Сюда же, конечно, надо отнести и образ Одиссеевой собаки Аргуса, которой посвящен трогательный рассказ (Од., XVII, 291-327). Это была великолепная охотничья собака, которую успел еще до войны воспитать сам Одиссей, но которой он не мог воспользоваться на охоте ввиду своего отъезда под Трою. В течение войны ее брали на охоту другие. Теперь, когда Одиссей вернулся на Итаку, Аргусу было уже больше 20 лет. Из роскошного охотничьего пса он превратился в жалкое и дряхлое животное, покрытое вшами и лежавшее без движения на кучах навоза. Когда Одиссей проходил с Евмеем мимо Аргуса, этот старый и верный друг Одиссея неожиданно вспомнил своего хозяина, стал вилять хвостом и двигать ушами, но из-за своей старости и дряхлости уже не мог приблизиться, чтобы приветствовать его так, как это обычно делают собаки. А когда Одиссей прошел мимо, то этот Аргус, двадцать лет ждавший своего хозяина, умирает под впечатлением от его внезапного появления. Под этим образом Аргуса тоже кроется обычная гомеровская печаль по поводу погибающей жизни, не успевшей насладиться всеми возможными для нее дарами.

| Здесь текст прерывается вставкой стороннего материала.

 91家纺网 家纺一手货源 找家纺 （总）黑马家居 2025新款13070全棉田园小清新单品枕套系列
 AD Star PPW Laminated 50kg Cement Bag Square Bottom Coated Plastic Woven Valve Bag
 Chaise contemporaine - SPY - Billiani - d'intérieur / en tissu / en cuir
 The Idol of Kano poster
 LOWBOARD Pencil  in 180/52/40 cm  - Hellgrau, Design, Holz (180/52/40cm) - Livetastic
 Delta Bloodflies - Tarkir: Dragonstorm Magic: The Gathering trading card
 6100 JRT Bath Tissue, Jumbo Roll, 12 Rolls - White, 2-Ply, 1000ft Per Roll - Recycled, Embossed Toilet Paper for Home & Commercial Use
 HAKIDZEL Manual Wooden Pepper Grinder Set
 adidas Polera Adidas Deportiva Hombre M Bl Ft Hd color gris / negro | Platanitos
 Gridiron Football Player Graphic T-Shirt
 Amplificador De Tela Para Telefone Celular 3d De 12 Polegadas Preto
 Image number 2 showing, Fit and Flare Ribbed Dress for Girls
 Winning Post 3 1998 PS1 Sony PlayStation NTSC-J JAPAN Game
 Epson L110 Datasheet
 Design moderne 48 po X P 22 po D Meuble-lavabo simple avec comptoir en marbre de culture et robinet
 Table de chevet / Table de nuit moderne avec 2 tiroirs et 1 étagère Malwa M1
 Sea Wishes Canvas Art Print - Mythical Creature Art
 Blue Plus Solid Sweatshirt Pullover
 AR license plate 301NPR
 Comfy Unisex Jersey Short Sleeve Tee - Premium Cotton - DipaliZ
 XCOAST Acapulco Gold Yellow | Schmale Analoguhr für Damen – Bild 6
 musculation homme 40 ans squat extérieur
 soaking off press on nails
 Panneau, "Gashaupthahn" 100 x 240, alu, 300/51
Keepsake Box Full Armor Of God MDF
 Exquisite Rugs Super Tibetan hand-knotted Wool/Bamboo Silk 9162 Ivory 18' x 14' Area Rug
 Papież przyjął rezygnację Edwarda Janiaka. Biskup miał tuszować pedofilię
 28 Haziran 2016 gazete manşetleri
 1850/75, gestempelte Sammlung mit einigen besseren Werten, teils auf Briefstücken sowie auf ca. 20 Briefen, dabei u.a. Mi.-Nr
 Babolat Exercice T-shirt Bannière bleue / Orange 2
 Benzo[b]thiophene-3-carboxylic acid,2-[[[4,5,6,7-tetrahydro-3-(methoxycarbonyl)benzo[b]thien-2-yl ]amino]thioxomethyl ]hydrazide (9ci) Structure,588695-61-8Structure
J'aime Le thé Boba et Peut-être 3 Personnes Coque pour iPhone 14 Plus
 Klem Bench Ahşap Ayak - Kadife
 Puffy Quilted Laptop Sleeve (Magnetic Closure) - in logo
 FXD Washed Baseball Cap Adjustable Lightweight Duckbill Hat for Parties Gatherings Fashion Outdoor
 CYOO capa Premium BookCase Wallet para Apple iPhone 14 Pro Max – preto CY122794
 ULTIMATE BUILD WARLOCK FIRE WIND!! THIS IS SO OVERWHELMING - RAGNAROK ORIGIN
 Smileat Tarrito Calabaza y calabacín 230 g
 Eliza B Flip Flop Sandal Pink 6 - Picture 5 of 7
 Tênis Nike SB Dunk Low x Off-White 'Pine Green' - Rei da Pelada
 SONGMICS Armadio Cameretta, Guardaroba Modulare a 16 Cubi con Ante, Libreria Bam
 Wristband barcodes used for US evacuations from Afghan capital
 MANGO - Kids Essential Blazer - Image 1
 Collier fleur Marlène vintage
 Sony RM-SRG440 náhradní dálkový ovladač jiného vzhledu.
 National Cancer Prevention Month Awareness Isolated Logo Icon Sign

Поэтому делаются особенно понятными слова Ахилла о ценности жизни (Ил., IX, 401-409). Даже богиня Фетида и та горько жалуется на свою материнскую участь иметь сына-богатыря, обреченного на раннюю гибель (VIII, 54-64):

Горе мне, бедной, родившей героя злосчастного, горе!

Сына могучего я родила, безупречного сына,

Первого между героев. И рос он, подобно побегу.